A fey hung in the air on the back lawn by the Maypole, a swirl of blue-orange light with an imaged face like the Mother doll, the fey Jane had seen in the clearing.
The Fey Queen.
Advancing on Nina.
Jane shouted at the crowd: “Get back inside!” and they looked at her, startled, as if trying to figure out who she was. Only a few of them obeyed.
But the Fey Queen listened. Instantly dropped Nina and shot through the air to Jane. Hung there in front of Jane, reflecting her new face back to her.
“You’re not taking my body,” Jane croaked.
“Made for me,” the fey said.
“He wouldn’t…” But the proof was on her face.
“Was your. Purpose here.” The swirls tightened; Jane felt the mental effort as the fey switched into a more human way of speaking. “He’s done it before.”
“Dorie’s mother…,” said Jane. But what had been nagging her about Edward’s story finally hit home. “She died almost five years ago. But Dorie is nearly six.”
“ I am Dorie’s mother,” hissed the fey. “That form was just the bearer. I needed a body, so I found him a town girl, someone silly enough to be pleased by the master’s notice. Once I helped him seduce her, she was ours. A strong body, even in death. I kept that body a year before the villagers noticed the stink. Your live body will last me much longer. Decades, before it wrinkles and I kill it.” Pitiless eyes. “Once you’ve been the consort of the Fey Queen, you’ll do anything to regain that.”
“You lie,” said Jane desperately. “He has a conscience.”
“A conscience, bah. A human thing, and he is practically one of us. He was with us years and years, after all. You have seen his hands, yes? How he can sculpt beauty out of earth? We did not gift him with that. This is a talent worthy of the fey if ever there was one.”
“But he loves me,” Jane said softly, and somehow all that was left in the words was the wishful thinking of a silly girl. “I love him.”
The Queen sent a wave through her that somehow she knew was the fey equivalent of ostentatious yawning. “In one sense, you shall be with him,” the Queen said. “The other form is nice enough, but yours is the one designed for me. I have seen what you are made of, you know. Your mind will accept my patterns very nicely. We will go together well, after you succumb. I will have it.”
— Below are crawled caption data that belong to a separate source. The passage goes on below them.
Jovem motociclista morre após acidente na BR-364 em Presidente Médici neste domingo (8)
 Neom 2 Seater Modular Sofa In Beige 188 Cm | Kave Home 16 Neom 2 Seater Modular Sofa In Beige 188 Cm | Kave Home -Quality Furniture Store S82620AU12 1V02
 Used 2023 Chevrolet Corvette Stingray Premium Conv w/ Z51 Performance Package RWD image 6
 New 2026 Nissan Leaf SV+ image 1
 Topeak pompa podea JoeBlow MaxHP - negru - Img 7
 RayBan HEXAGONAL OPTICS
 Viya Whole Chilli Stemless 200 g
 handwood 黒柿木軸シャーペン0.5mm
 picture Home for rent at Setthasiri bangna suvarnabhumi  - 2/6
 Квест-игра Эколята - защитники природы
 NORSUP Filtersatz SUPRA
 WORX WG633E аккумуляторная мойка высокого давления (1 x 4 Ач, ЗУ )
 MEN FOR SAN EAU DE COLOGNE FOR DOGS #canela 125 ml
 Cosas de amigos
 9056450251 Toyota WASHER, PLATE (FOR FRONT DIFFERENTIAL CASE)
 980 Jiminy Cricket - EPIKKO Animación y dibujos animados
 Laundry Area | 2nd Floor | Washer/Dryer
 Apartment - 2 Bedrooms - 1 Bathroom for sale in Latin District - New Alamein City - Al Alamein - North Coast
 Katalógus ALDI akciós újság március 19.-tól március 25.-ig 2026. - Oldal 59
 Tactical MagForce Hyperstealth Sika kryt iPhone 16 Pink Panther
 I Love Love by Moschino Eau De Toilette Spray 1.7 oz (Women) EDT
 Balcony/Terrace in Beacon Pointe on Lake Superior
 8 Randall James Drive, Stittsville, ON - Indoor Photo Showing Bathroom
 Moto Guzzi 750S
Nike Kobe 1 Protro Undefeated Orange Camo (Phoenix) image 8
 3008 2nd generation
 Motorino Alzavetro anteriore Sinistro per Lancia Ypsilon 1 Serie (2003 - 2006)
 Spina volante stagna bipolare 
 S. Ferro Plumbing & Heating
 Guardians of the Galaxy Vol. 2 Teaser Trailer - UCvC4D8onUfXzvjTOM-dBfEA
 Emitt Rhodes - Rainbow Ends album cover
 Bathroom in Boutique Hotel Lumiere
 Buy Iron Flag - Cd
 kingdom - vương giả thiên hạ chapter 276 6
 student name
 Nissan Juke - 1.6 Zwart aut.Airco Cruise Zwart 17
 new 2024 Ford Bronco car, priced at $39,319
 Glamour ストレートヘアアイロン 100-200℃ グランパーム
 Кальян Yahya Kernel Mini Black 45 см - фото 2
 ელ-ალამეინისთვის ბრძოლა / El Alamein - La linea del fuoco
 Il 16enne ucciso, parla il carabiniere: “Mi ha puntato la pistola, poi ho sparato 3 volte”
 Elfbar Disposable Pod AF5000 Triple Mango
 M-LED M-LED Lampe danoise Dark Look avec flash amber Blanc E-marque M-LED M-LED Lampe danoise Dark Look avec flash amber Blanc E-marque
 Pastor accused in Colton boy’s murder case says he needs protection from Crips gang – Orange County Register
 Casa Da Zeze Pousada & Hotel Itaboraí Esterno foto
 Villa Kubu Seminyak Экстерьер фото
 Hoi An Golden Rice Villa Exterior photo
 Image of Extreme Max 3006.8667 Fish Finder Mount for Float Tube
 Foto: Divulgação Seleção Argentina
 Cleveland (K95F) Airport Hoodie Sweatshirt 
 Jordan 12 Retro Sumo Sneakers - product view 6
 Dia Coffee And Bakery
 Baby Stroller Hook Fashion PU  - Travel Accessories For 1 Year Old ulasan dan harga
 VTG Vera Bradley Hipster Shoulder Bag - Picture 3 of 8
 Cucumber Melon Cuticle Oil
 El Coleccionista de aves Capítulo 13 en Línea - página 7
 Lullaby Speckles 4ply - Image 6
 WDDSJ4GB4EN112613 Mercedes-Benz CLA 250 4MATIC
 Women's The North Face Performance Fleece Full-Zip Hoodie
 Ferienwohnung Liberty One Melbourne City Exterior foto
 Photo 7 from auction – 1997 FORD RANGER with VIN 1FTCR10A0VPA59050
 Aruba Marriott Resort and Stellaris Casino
Then the blue-orange advanced on Jane, and Jane was too despairing to run, for the proof of what the Queen said was all too visible. He had given her the Queen’s face, and there could be no other interpretation of that.
She had no defenses, none, and then suddenly there was a wall of iron in front of her and the Fey Queen was crashing into it.
“Run,” said Poule, and she shoved her back toward the house, lifting her makeshift shield at the Queen.
Of course the Queen could go around iron, even a large piece of it, but the brief moment of surprise at hitting it dead on stunned the Queen so she only hung flickering for eight, ten seconds, before she could move again. Jane moved her nerveless feet faster and faster, flung herself over the iron threshold just as the Queen pounced on her ankles and came up with only air.
Rage in her head, from the Queen, then enticement. Lust, love, lulling, luring Jane to step back across that threshold and out into the open.
Jane slammed the door. She flung herself to the floor, on top of her hands, and though the compulsion seized her till she wept, she had just enough strength from all her work with the fey curse to keep her hands curled under her belly, her knees drawn to her chest.